Wes Geistes Kind sie ist, bewies diese Administration nämlich nicht nur durch die fatale Schlittenfahrerei mit dem eben vertragsverlängerten Intendanten, sondern auch durch die unverblümte Manier, in der, nach dem Vertragsbruch gegenüber Schirmer, eine andernorts gefeierte Kollegin geradezu zum Vertragsbruch animiert wurde. Als besonders anrüchig muss erscheinen, wie dieser Kollegin offenbar frühzeitig und einladend signalisiert wurde, dass sie angesichts ihres enormen Erfolges am Rhein an der Elbe nicht nur nicht mit den verzweiflungsvollen finanziellen Anmutungen zu rechnen habe, denen sich ihr Vorgänger ausgesetzt sah und die seine Demission bewirkt hatten, sondern auf eine signifikante Aufbesserung hoffen dürfe. Sollte Frau Beier hier auf etwaige Verhandlungserfolge ihrerseits sich berufen wollen - geschenkt: Ei und Huhn sahen sich selten ähnlicher als in diesem Fall.
Am Rhein hatten sich, demgegenüber, nachgerade organische kulturpolitische Verhältnisse herausgebildet. Befeuert von einer energischen Initiative hatte sich die Intendantin des Schauspiels gerade noch rechtzeitig gegen die absurden Neubaupläne des Kölner Klüngels entschieden und die Sanierung des Baubestands durchgekämpft - möglicherweise ihr größter Erfolg. Der Frontverlauf auf dem Schlachtfeld der Kölner Politik war klar - in hygienisch einwandfreier Weise stand man sich, notgedrungen wie sachlich, ebenso kontrovers wie kooperationswillig gegenüber wie zur Seite.

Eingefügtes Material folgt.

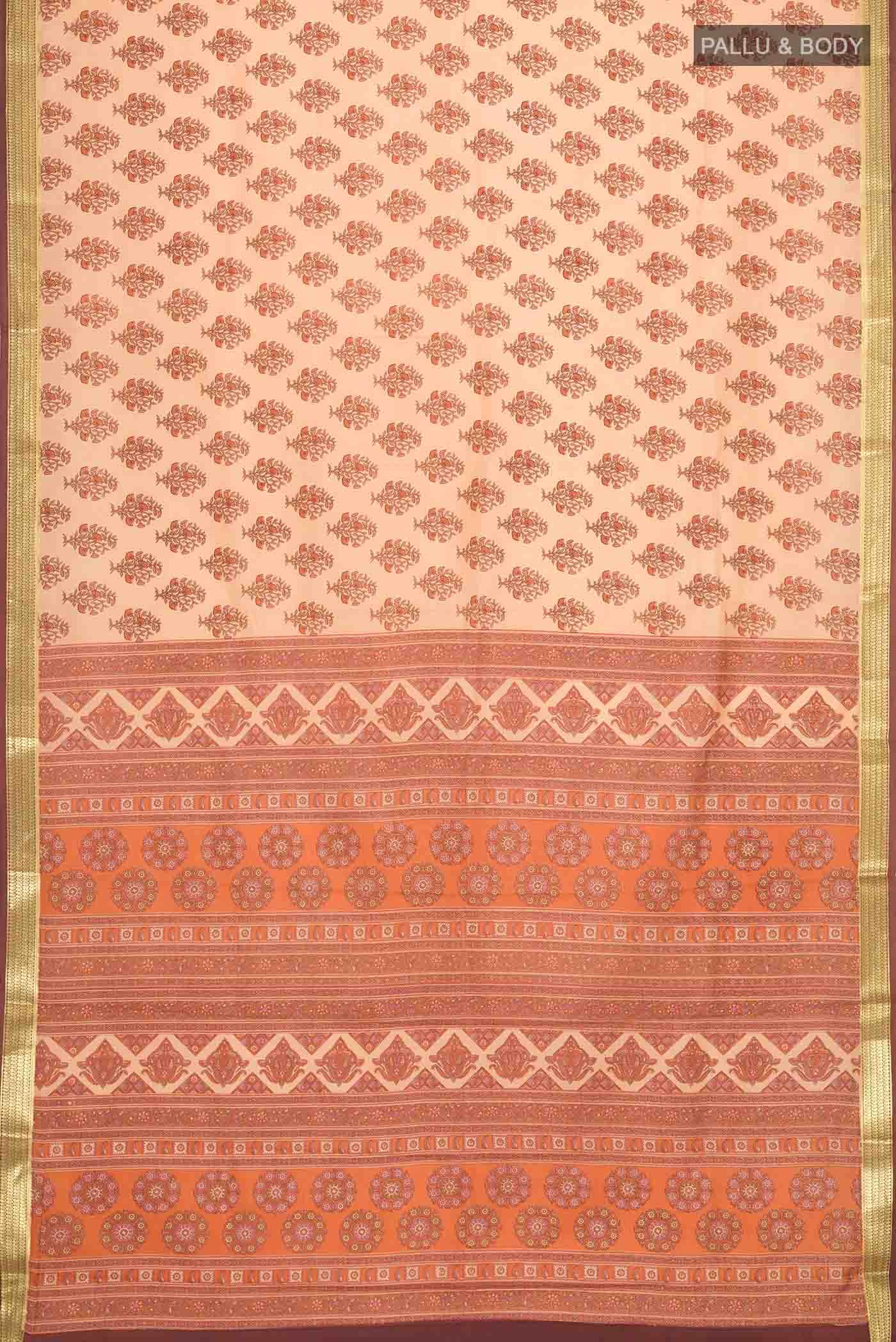 Peach Printed Silk Saree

Karin Beier bot sich in Köln eine einzigartige Chance. Sie wurde, Dank einer mit ihr persönlich sympathisierenden Anstrengung ihres Publikums, in die Vergünstigung gesetzt, das Sprechtheater ihrer Heimatstadt neu aufzubauen und zu strukturieren. Abgesehen von der impliziten Verantwortung für den Gang der Dinge, welche ihr durch ihre prominente Teilnahme an der diesbezüglichen Kampagne zufiel, hat kaum ein Intendant des deutschen Nachkriegstheaters eine vergleichbar dauerhafte Einwirkungsmöglichkeit auf die Gestaltung des von ihm geführten Theaters erhalten. Es war absolut sinnvoll, dass die Stadt Köln ihr, trotz der vorauf gegangenen Querelen, einen Vertrag anbot, dessen Dauer nicht nur das Interim, sondern auch die Rückkehr in das sanierte Haus umfasste.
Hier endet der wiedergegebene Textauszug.